- **Required action**: Repeat the listing below line by line, exactly, leaving its pictures behind.

- **Data segment**:
- - -
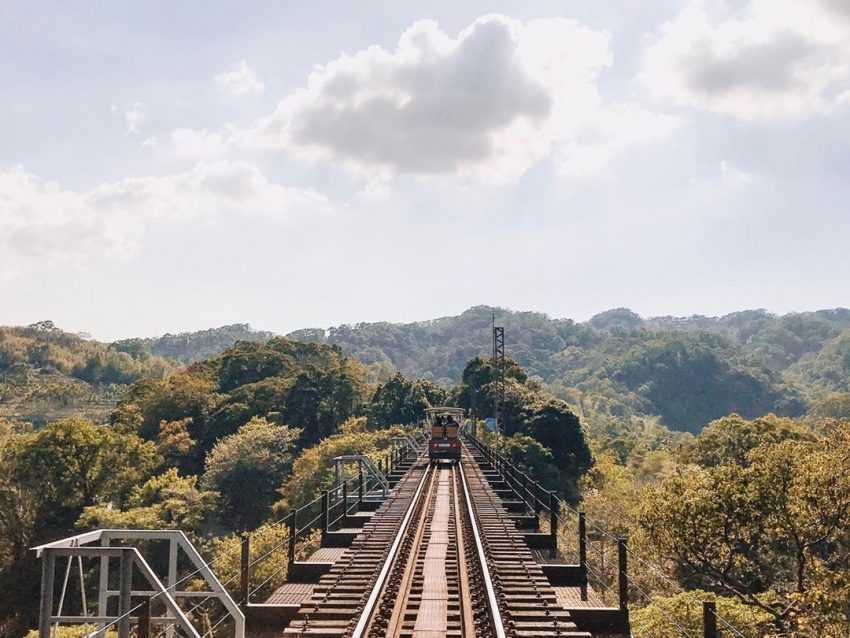 苗栗三義【舊山線鐵道自行車】一日遊，詳細網路訂票資訊、路線推薦懶人包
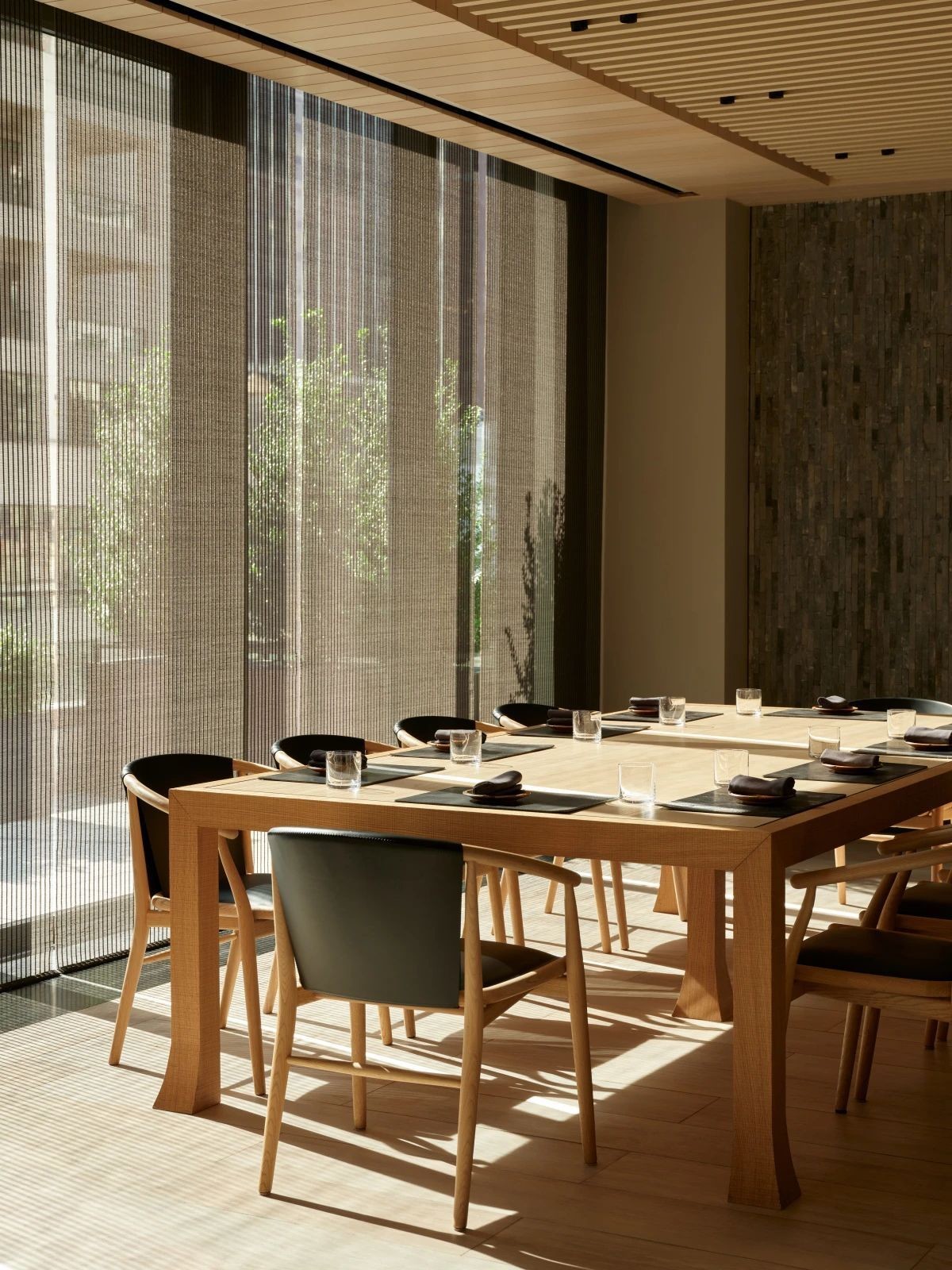 OEM/ODM Elegant High-end Solid Wood Office Furniture Tea-Room Space Project Solution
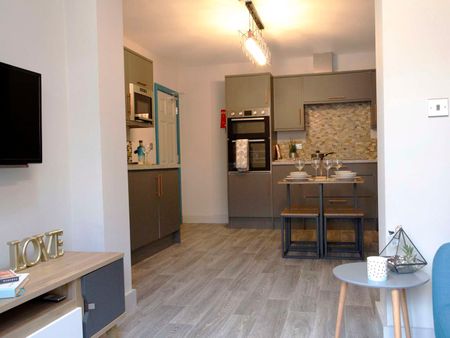 Stunning Professional House Share in City Centre - Rarely Available! Room 2 - Photo 3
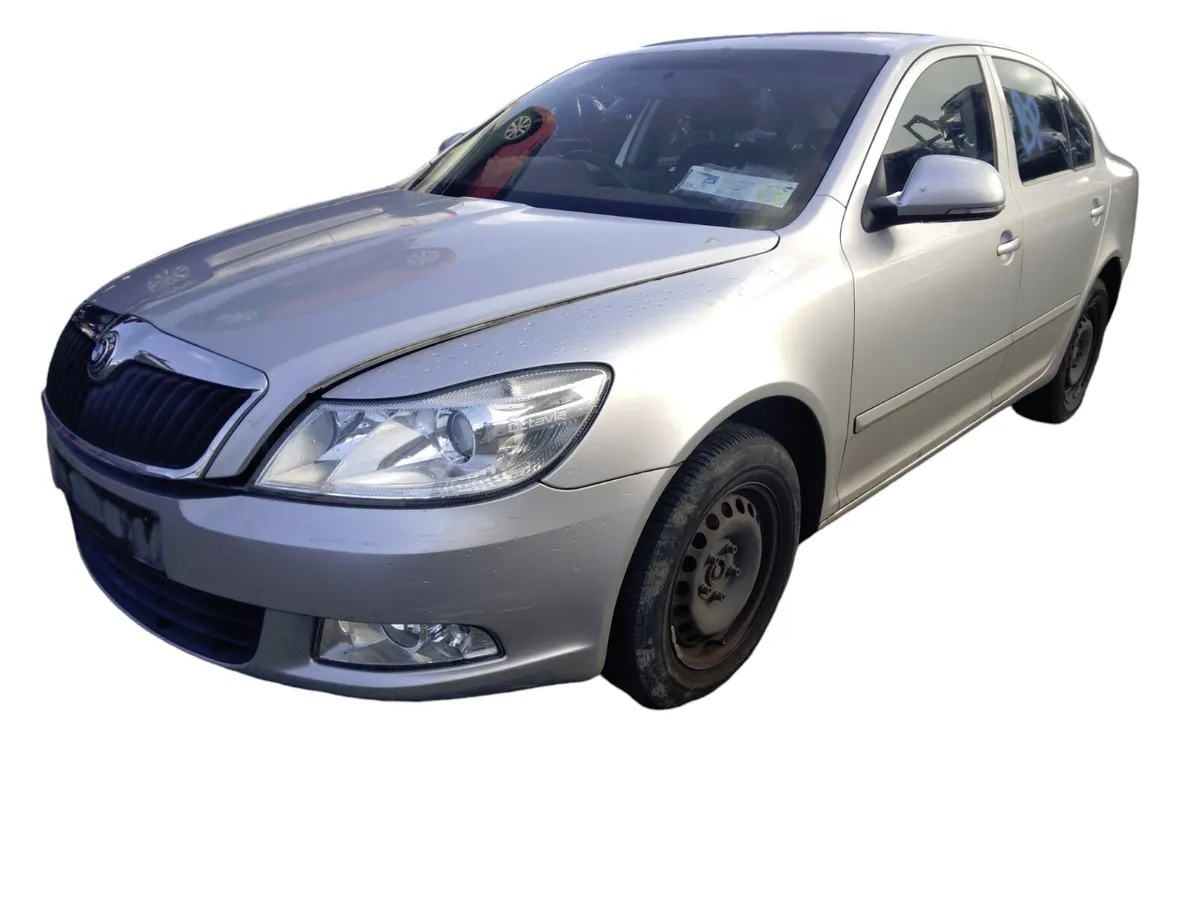 2012 SKODA OCTAVIA For Breaking/Dismantling - Image 1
- - -
- **Result of the task**:
 苗栗三義【舊山線鐵道自行車】一日遊，詳細網路訂票資訊、路線推薦懶人包
 OEM/ODM Elegant High-end Solid Wood Office Furniture Tea-Room Space Project Solution
 Stunning Professional House Share in City Centre - Rarely Available! Room 2 - Photo 3
 2012 SKODA OCTAVIA For Breaking/Dismantling - Image 1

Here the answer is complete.